An expanded female hormone panel is tabulated based upon 11 saliva samples provided from the patient over a 28 day range.  In a cycling female, levels of estrogen and progesterone, and their pituitary precursors: FSH (Follicle Stimulating Hormone) and LH (Luteinizing Hormone) vary highly over a 28-35 day range.  As such basing decisions or even putting much credence at all in to levels tested via one blood test, on one day of the cycle is substantially incomplete.  In order to get the entire picture, 11 saliva samples, submitted every few days throughout the cycle can chart the optimal peaks and dips (or lack thereof) of  the 4 above mentioned hormones, along with associated levels of other critical players in DHEA (precursor to testosterone and estrogen) and insulin.

Panel is often performed to help provide further insight into an erratic or atypical menstrual cycle, heavy, light or no bleeding, history of oral contraceptives (birth control pills) or HRT (Hormone Replacement Therapy), severity of PMS symptoms, planning for or after child birth, and no take a deeper look into conditions like PCOS (Polycystic Ovarian Syndrome).


In order to fully comprehend the results and their potential implications, an understanding of optimal levels and timing measured by this panel is necessary.  Reviewing the physiological sequence involved further demonstrates why recording samples submitted throughout the entire cycle is imperative and highly useful in thoroughly understanding and thus addressing the underlying issue at hand.

In ideal terms, we can break the monthly cycle into two phases consisting of the follicular phase (day 1-14) and the luteal phase (day 15-28).

(It is acknowledged that levels and timing/duration will vary, however the general characteristics described are to serve as a general blueprint for which relevant comparisons and hypotheses can be formulated.)

Generally, around day 1, we should see Follicle Stimulating Hormone (FSH) rising by way of the anterior pituitary gland.  This signals down to the ovaries and as the name implies, stimulates the follicles within as they basically compete to become the winner or “maybe baby,” (aka the graafian follicle).  The follicles mainly compete by releasing estrogen, which will play a large part in determining the health, strength and robustness of not just the individual follicle and it’s likelihood of survival, but the entire cycle.

(This is a key point to note.  If the follicles do not respond to the pituitary gland’s release of FSH, or if the pituitary does not release sufficient FSH, there will be no estrogen surge, the cycle is a potential loss and ovulation may not even occur.)

The estrogen being released due to the FSH from the pituitary then signals back to the pituitary in a positive feedback loop that triggers the release of more FSH, leading to more estrogen, which causes proliferation (growth & thickening) of the endometrium (uterine lining).  Around day 7-9 we should see climbing FSH and the cycle dependent E2 (estradiol) surge, which subsequent progesterone production and the entire second half of the cycle (luteal phase), including ovulation is contingent upon.

In order to provide the most robust surge of E2 as possible, any progesterone and testosterone is converted to E2 via an important enzyme called AROMATASE.  This is another demonstration of the importance of the E2 surge.  Factors to focus on here that play a major role in this E2 surge include FSH from the pituitary and the health of the ovaries and the follicle itself.  If any piece of this puzzle is lacking, there can be an inhibition of uterine lining proliferation, upon which progesterone is reliant on.

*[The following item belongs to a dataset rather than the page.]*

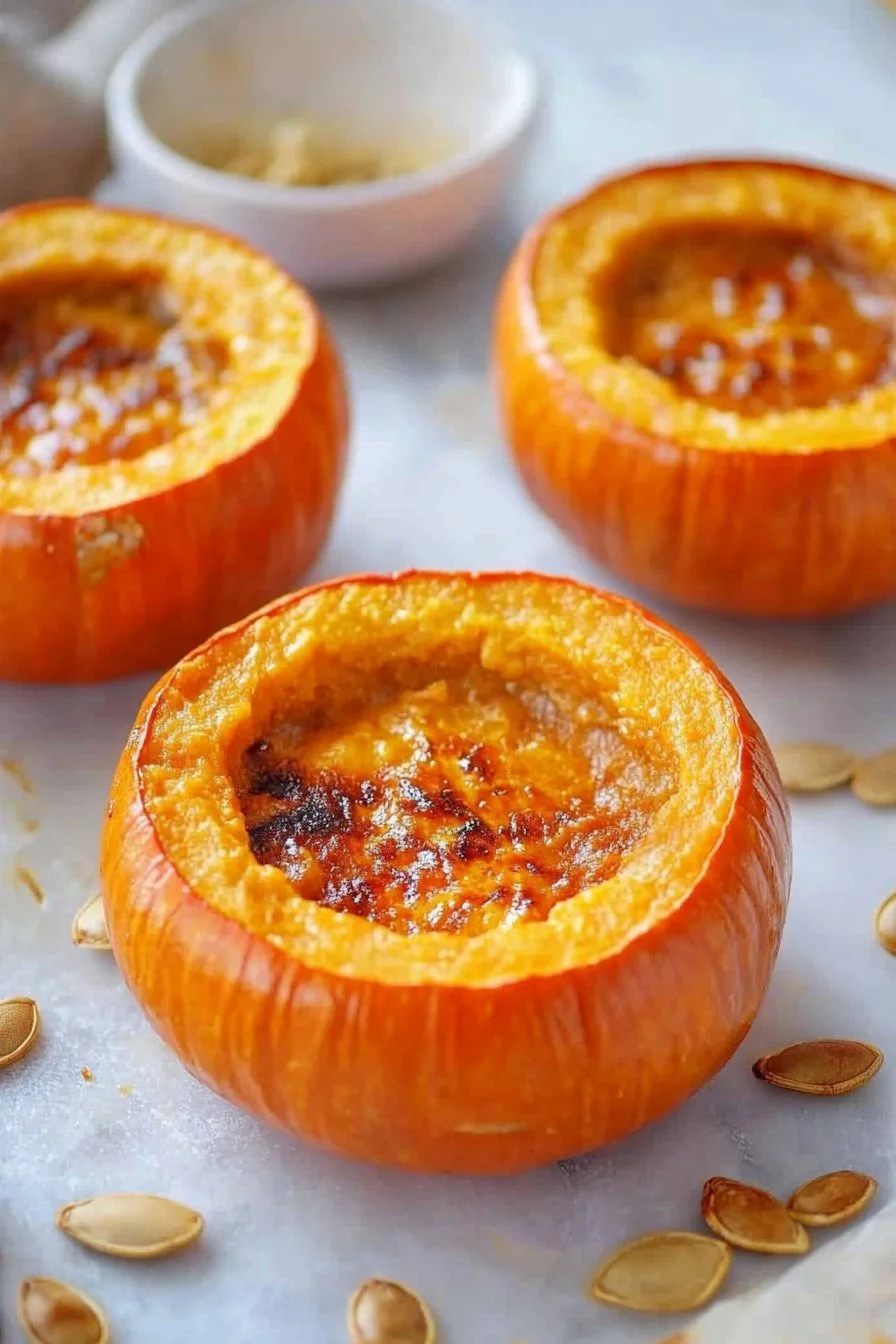 Pumpkin Spice Crème Brûlée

In the presence of an adequate E2 surge, between day 12-14, the pituitary gland recognizes this increase in estradiol and thickening of the endometrium as representation of a quality follicle, and releases LH (lutenizing hormone).  At this point in the presence of an LH surge, the dominant follicle will have migrated to the ovary wall, and ovum to the follicle wall, setting the stage for the follicle to exit the ovary and erupt, releasing the egg to the fallopian tube and thus ovulation has occurred.

The now empty follicle turns in on itself, becoming the corpus luteum (with the follicle no longer present, FSH should drop). The corpus luteum now feeds the ovum and uterine wall by producing massive amounts of progesterone (which should be represented by a bell curve on the second half of the graph) which also causes FSH & LH to drop by way of negative feedback to the pituitary gland.  Whereas estrogen caused growth/thickening of the uterine lining, progesterone causes maturation and vascularization of the wall necessary to support implantation and fertilization.

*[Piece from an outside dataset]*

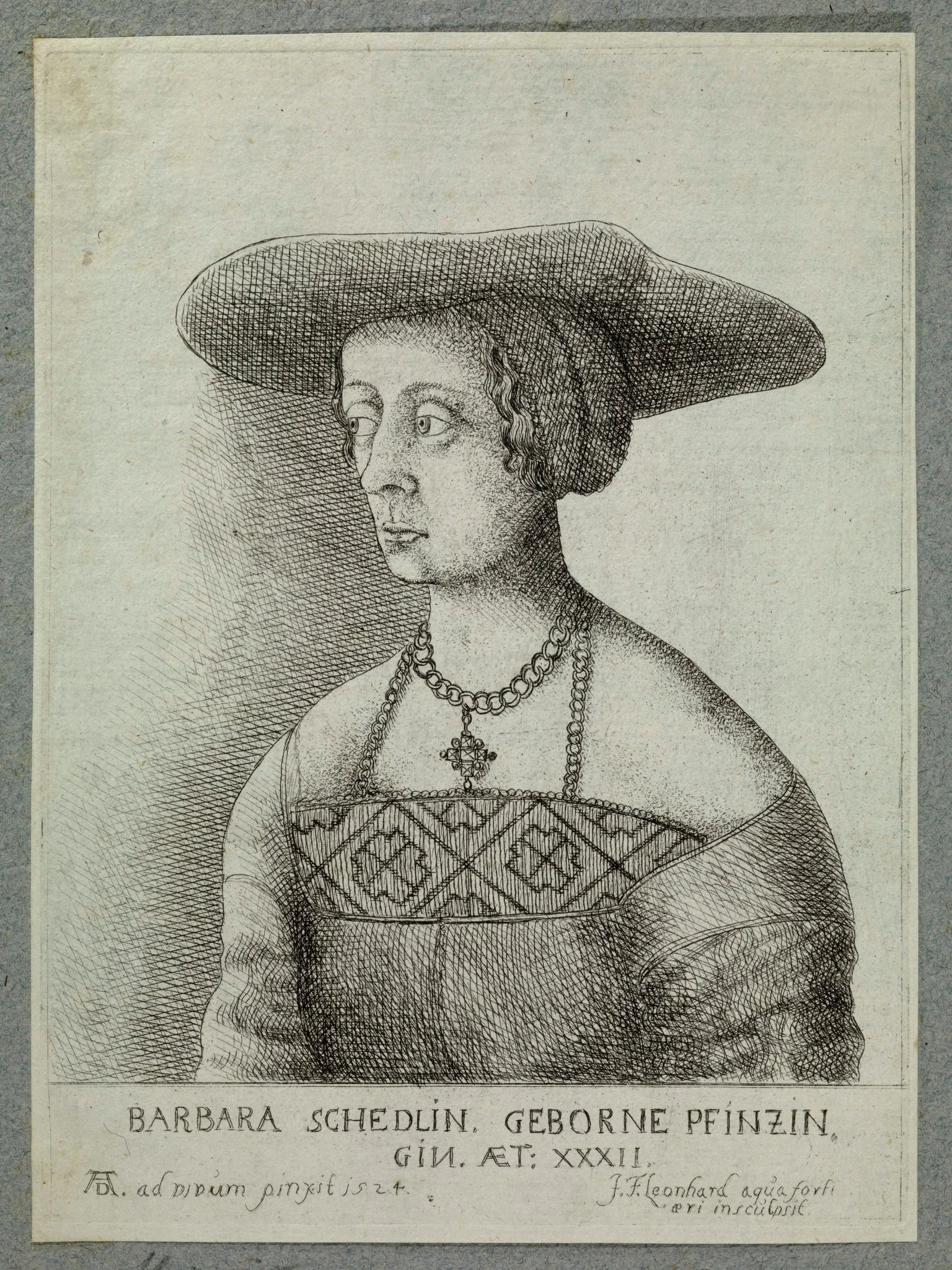 Bildnis der Barbara Schedel, detail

At this point, if fertilization does not occur, progesterone drops and the uterine lining sloughs off or sheds leading to menstruation and setting the stage for another cycle to occur.

(This is an oversimplified summary of this miraculous, potentially life creating, monthly process, of which many other variables can and do play pivotal parts in this delicate dance.  However, it does provide a basic overview, allowing us to go into more detail where necessary, and subsequently identify and address areas of concern.)